In this post, I summarize a series of resources to get started with Bayesian Statistics. I compiled these references based on my experience and opinion as to what a good introduction and next steps are in this process. This is not an academic curriculum or anything tremendously rigorous, but it is a comprehensive list that will surely get you embarked on the journey to revisiting/starting your statistics. Many of the references below were recommended to me in several workshops I’ve attended, and I want to share with those like me that want to be better at statistics and Machine Learning (ML).

The first resource I can think of out there for beginners interested in Bayesian statistics and modeling is Richard McElreath’s Statistical Rethinking. Here you’ll learn everything from applying Bayes’ rule in simple problems to complex multilevel/hierarchical models. Since this is not only a book but also a full course, you should definitely follow along your reading with the video lectures on YouTube. I would encourage you to work through the code and exercises at the end of each chapter, as it is the best way to start getting hands-on expertise in this topic. Another great thing is that the book’s R package rethinking and all the example code has been translated into multiple programming languages, so you are free to choose the one of your preference to go through the reading.

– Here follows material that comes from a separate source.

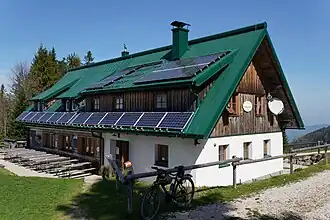 Ennser Hütte (2024)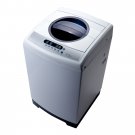 RCA RPW160 Portable Washing Machine, 1.6 cu ft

A powerful reference for those that feel like brushing up your stats with real-world examples, Andrew Gelman and Jennifer Hill’s Data Analysis Using Regression and Multilevel/Hierarchical Models is a fantastic book for those with more interest on Applied Statistics on a social science setting. An updated version of this book is called Regression and Other Stories (Andrew Gelman, Jennifer Hill, Aki Vehtari), and it will be released later this year. If you’d like to work through another more advanced course on Bayesian Statistics, I suggest you visit Aki Vehtari’s teaching page. Although more challenging than McElreath’s class, it is worth checking it out. Again, the course material is available in R and Python.

Now, you’ve refreshed your basic stats and gone through most of McElreath’s book, but you are also looking into ML. You may wonder, where should I go? What to do next? Challenge yourself to read Christopher Bishop’s Pattern Recognition and Machine Learning. Bishop’s book presents all the well-known ML concepts from regression and classification to neural networks through a concealed Bayesian lens. It is fair to say that I’ve deeply strengthened my knowledge in both ML and Bayesian statistics just by working through the first chapters. Although I highly recommend it, keep in mind, this is an advanced book, and it takes some time to get your head around the concepts.

Bayesian Collage

At the same level as Bishop’s book, you can also find a rigorous and detailed explanation of Bayesian statistics and modeling on David MacKay’s Information Theory, Inference, and Learning Algorithms. I was fortunate enough to use this book in college, and it still proves to be essential whenever I want to revisit some probability concepts, Bayesian statistics, and ML. The book’s webpage also provides software resources and examples for you to experiment and play around as you navigate the text.

Whenever you feel comfortable enough with the basics to go deeper into the math and the theoretical concepts behind probabilistic modeling, probabilistic computation, and applied Bayesian statistics, I strongly encourage you to read all of Michael Betancourt’s case studies in due order. This will be challenging to grasp at first, but as you go back over the content and dedicate the time to understand these concepts, the reward is huge.

It is not very often that you hear about the success stories of Bayesian methods in industry, especially nowadays, against the huge amount of attention on ML and AI. For those that like podcasts to listen to stories about practitioners and people applying Bayesian statistics to their fields, I strongly advise that you check out Alexandre Andorra’s podcast Learning Bayesian Statistics. Alex does an amazing job of interviewing professionals from a wide variety of fields, with incredibly diverse backgrounds and experiences, hence introducing you to the vast universe of applications of Bayesian statistics.

One final thing that is a hard requirement and a common thread between the references and resources listed above is Markov Chain Monte Carlo (MCMC). To fully explore probability spaces and distributions, you need efficient and reliable computational methods like MCMC and its advanced variants. Today, many programming languages are capable of implementing such an advanced estimation algorithm, but the most popular are 1) Stan, which is built on C++, and has multiple interfaces to R (rstanarm, brms), Python (PyStan), Julia and others, and 2) PyMC3. If you are interested in learning the basics, you may visit their webpages to see examples with code.

To conclude, I want to share some personal remarks on my journey through Bayesian Statistics. This topic is not easy, and you should invest some time to see some progress. The references above are a great starting point, and I’ve noticed an important step forward in my learning path by trying to apply Bayesian methods to my work. For me, its fundamentals are more intuitive and transparent, and overall simpler to grasp (at least conceptually), but considerably harder to apply.